ABOUT THIS EXERCISE -
The pictures get left out, but everything else in the listing below must be duplicated exactly.

DATA EXTRACT -
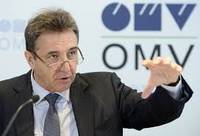 OMV da asigurari: Sanctiunile europene nu vor afecta gazoductul South Stream
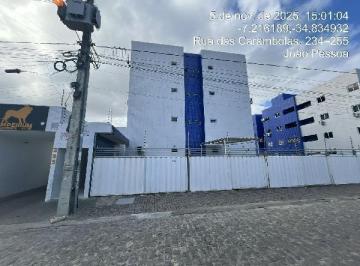 Photo_0 ·
Oferta vantajosa — Apartamento no Mucumagro, Joao Pessoa - PB, Apto 305, 2 quartos,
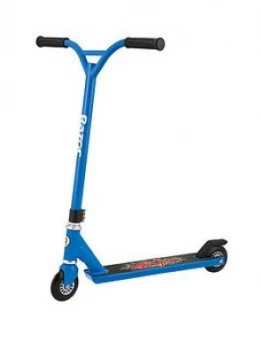 Image of Razor Razor Beast Scooter - Blue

TASK RESULT -
 OMV da asigurari: Sanctiunile europene nu vor afecta gazoductul South Stream
 Photo_0 ·
Oferta vantajosa — Apartamento no Mucumagro, Joao Pessoa - PB, Apto 305, 2 quartos,
 Image of Razor Razor Beast Scooter - Blue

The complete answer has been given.